■ WORK ITEM ■
With the pictures left aside, write out exactly the lines of the listing below from the line with "A cozy fantasy" to the line with "Carveit Magnetic Wooden", both included, and only those.

■ THE RECORDS ■
+-------+

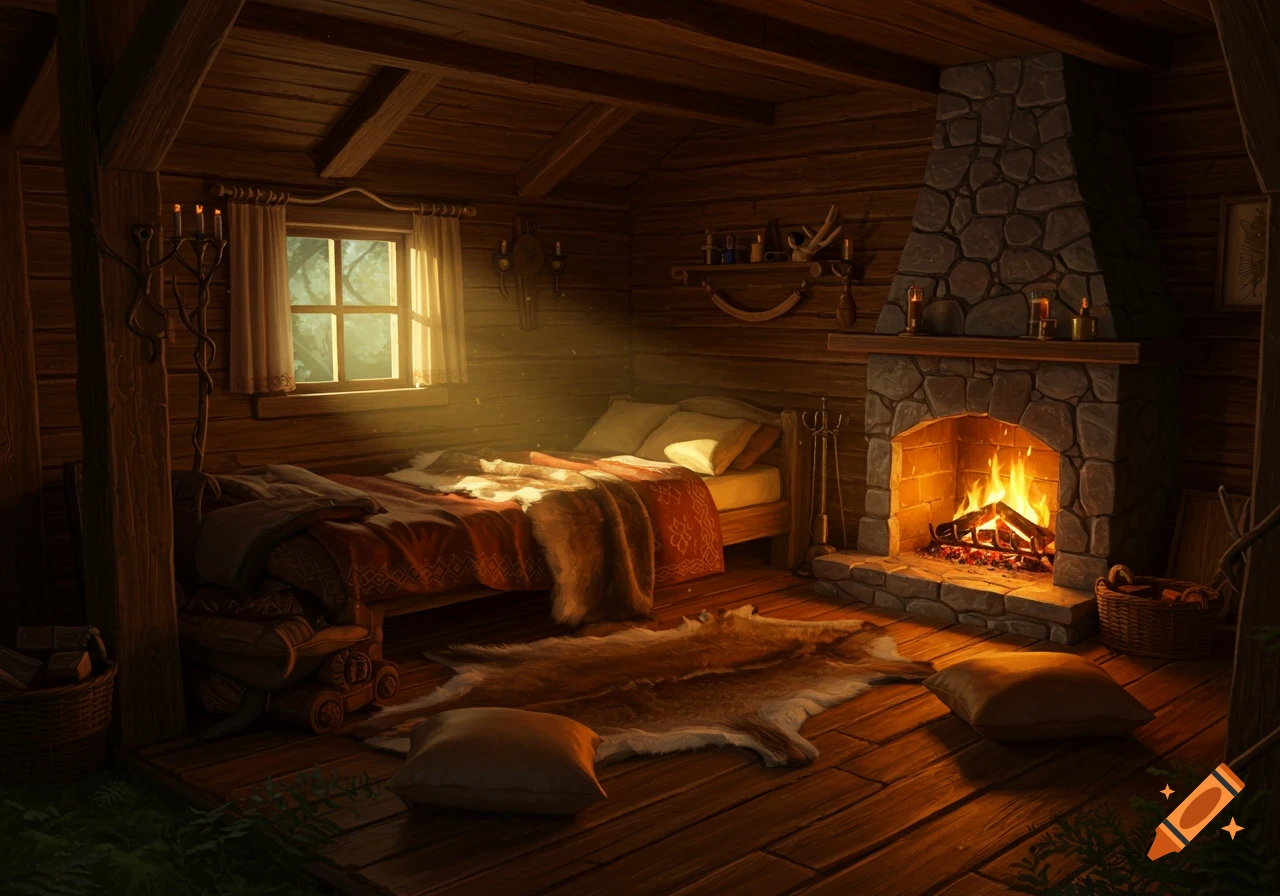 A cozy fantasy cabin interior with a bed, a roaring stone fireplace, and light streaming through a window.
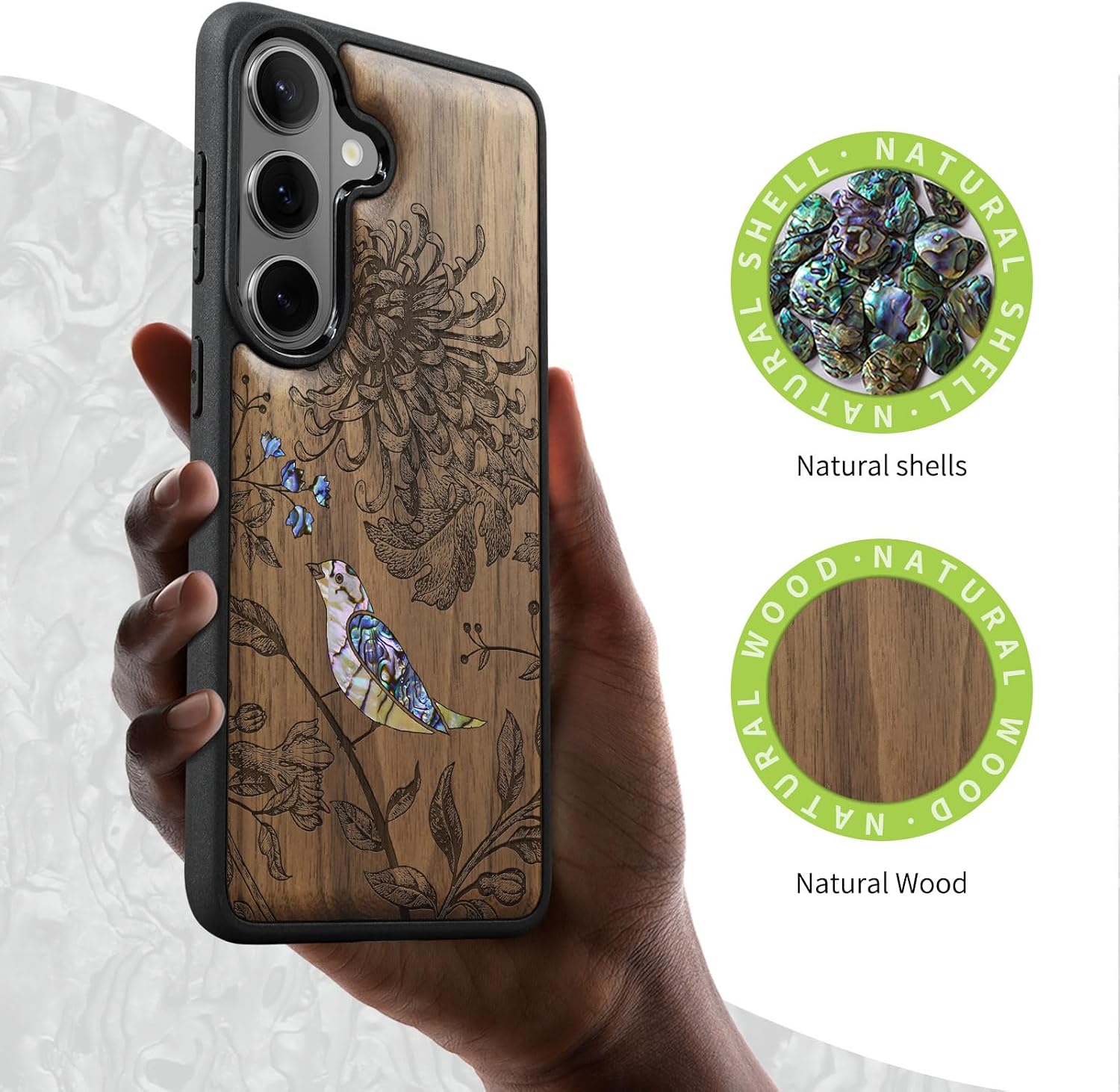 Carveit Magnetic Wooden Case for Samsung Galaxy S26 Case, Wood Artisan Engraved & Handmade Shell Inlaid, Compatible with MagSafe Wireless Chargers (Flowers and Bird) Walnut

+-------+

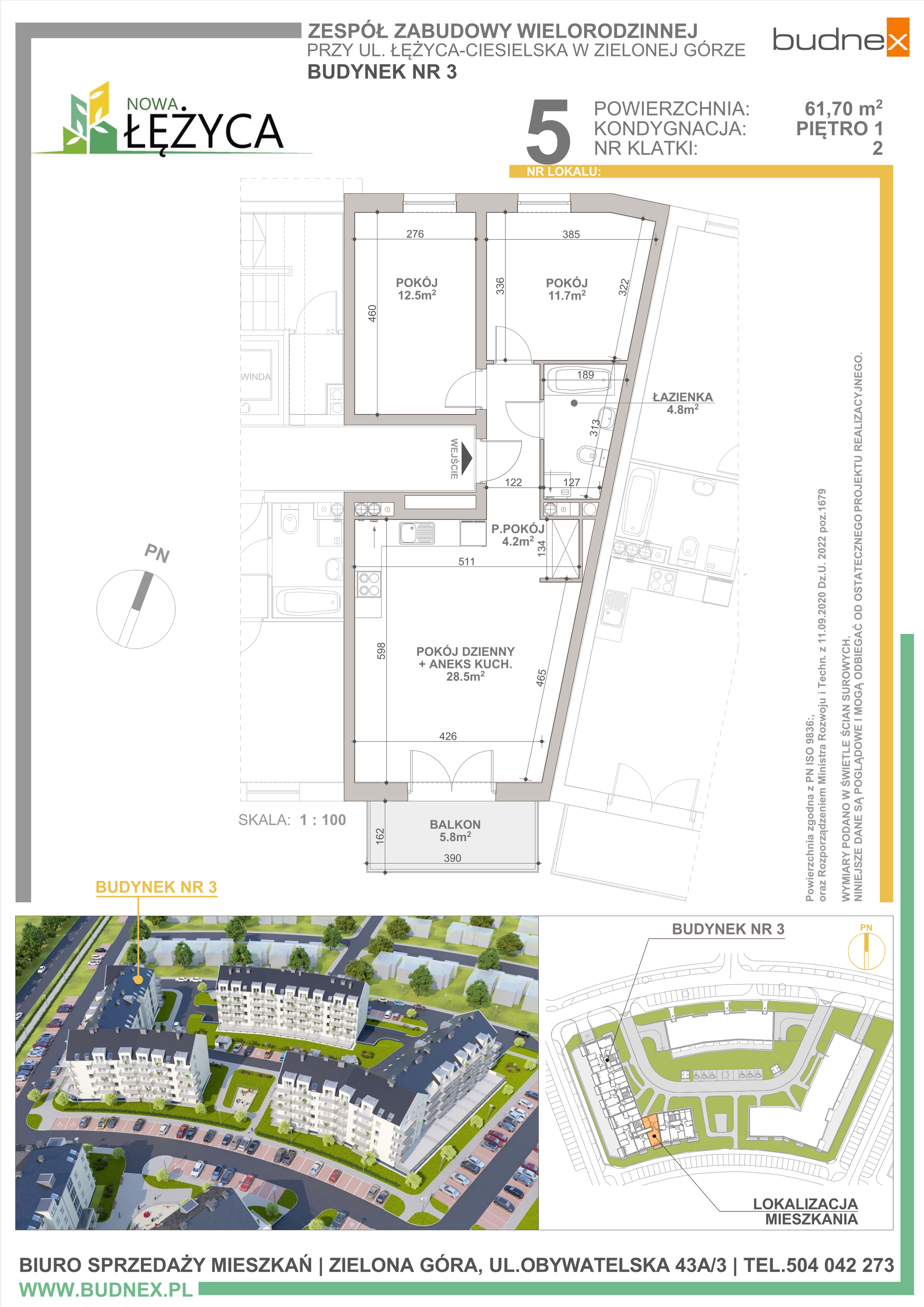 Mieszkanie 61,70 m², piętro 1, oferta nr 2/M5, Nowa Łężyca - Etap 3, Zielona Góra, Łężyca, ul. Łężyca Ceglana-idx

+-------+

■ EXPECTED ANSWER ■
 A cozy fantasy cabin interior with a bed, a roaring stone fireplace, and light streaming through a window.
 Carveit Magnetic Wooden Case for Samsung Galaxy S26 Case, Wood Artisan Engraved & Handmade Shell Inlaid, Compatible with MagSafe Wireless Chargers (Flowers and Bird) Walnut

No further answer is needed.